#### Exercise instructions:
All lines from the one with "38 Westcroft Avenue, Wolverhampton, WV10 8NH" through the last are to be given again exactly as they stand in the data below, and only those.

[Source records]
::::

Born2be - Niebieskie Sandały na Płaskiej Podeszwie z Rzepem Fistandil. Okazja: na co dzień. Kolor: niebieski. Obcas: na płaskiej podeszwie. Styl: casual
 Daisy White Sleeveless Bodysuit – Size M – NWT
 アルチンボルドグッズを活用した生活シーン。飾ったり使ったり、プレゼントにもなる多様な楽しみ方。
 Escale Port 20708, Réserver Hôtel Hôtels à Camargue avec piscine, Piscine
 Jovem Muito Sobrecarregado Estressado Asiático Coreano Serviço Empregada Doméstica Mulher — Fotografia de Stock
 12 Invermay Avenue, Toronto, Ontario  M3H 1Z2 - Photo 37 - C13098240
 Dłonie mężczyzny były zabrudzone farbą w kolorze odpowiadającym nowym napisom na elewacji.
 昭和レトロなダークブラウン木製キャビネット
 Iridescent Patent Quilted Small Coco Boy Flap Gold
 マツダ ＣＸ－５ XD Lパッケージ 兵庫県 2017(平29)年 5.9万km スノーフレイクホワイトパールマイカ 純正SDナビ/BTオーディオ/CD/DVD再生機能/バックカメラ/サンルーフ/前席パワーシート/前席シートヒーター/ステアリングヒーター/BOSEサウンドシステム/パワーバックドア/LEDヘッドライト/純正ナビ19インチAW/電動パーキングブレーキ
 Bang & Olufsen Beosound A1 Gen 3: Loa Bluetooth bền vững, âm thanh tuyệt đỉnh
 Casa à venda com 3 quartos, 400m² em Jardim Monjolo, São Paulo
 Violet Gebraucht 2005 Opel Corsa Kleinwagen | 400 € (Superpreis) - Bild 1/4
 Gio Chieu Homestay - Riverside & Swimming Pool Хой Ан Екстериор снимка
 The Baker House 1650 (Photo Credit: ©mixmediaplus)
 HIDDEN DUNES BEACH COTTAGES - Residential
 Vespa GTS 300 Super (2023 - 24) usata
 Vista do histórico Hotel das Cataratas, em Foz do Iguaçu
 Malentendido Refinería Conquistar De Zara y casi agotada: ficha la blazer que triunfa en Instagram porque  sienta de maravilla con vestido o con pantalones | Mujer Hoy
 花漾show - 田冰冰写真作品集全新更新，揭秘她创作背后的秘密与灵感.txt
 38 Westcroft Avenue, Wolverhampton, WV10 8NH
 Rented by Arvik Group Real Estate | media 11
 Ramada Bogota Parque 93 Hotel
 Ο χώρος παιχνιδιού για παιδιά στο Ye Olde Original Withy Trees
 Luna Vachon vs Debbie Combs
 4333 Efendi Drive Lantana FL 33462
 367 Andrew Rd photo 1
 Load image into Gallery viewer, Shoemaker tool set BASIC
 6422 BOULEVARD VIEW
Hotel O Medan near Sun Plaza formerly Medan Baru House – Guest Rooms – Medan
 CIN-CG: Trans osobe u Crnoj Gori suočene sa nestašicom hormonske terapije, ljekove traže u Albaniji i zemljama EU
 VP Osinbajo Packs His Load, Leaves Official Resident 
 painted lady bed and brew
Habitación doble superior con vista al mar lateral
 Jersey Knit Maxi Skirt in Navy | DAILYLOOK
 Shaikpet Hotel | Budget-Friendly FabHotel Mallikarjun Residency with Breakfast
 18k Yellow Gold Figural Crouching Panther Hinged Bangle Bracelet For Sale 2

::::

#### Result for this task:
 38 Westcroft Avenue, Wolverhampton, WV10 8NH
 Rented by Arvik Group Real Estate | media 11
 Ramada Bogota Parque 93 Hotel
 Ο χώρος παιχνιδιού για παιδιά στο Ye Olde Original Withy Trees
 Luna Vachon vs Debbie Combs
 4333 Efendi Drive Lantana FL 33462
 367 Andrew Rd photo 1
 Load image into Gallery viewer, Shoemaker tool set BASIC
 6422 BOULEVARD VIEW
Hotel O Medan near Sun Plaza formerly Medan Baru House – Guest Rooms – Medan
 CIN-CG: Trans osobe u Crnoj Gori suočene sa nestašicom hormonske terapije, ljekove traže u Albaniji i zemljama EU
 VP Osinbajo Packs His Load, Leaves Official Resident 
 painted lady bed and brew
Habitación doble superior con vista al mar lateral
 Jersey Knit Maxi Skirt in Navy | DAILYLOOK
 Shaikpet Hotel | Budget-Friendly FabHotel Mallikarjun Residency with Breakfast
 18k Yellow Gold Figural Crouching Panther Hinged Bangle Bracelet For Sale 2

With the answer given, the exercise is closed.